◆ Work instructions ◆
Read through the records below and copy each line that uses the word "wall".

=== The data ===

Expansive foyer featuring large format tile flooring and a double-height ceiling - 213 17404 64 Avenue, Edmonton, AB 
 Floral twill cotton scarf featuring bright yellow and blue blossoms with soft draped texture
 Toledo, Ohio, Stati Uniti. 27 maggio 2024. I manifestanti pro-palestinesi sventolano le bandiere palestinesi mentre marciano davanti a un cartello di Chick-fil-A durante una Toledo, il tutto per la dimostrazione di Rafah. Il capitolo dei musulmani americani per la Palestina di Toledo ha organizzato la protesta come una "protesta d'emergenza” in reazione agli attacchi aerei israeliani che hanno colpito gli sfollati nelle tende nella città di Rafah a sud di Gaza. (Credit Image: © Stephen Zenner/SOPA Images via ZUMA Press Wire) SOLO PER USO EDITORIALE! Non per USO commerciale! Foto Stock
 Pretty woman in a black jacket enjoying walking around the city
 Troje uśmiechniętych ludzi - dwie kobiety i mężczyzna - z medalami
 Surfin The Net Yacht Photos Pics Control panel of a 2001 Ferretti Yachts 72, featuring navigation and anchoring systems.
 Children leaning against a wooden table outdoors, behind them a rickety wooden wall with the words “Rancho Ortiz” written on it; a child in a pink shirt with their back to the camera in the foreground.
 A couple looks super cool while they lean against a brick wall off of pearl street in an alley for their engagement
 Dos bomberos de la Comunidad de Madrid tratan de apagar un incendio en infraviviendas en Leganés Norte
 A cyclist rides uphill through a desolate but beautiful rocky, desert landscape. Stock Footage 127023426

===

◆ Response box ◆
 Children leaning against a wooden table outdoors, behind them a rickety wooden wall with the words “Rancho Ortiz” written on it; a child in a pink shirt with their back to the camera in the foreground.
 A couple looks super cool while they lean against a brick wall off of pearl street in an alley for their engagement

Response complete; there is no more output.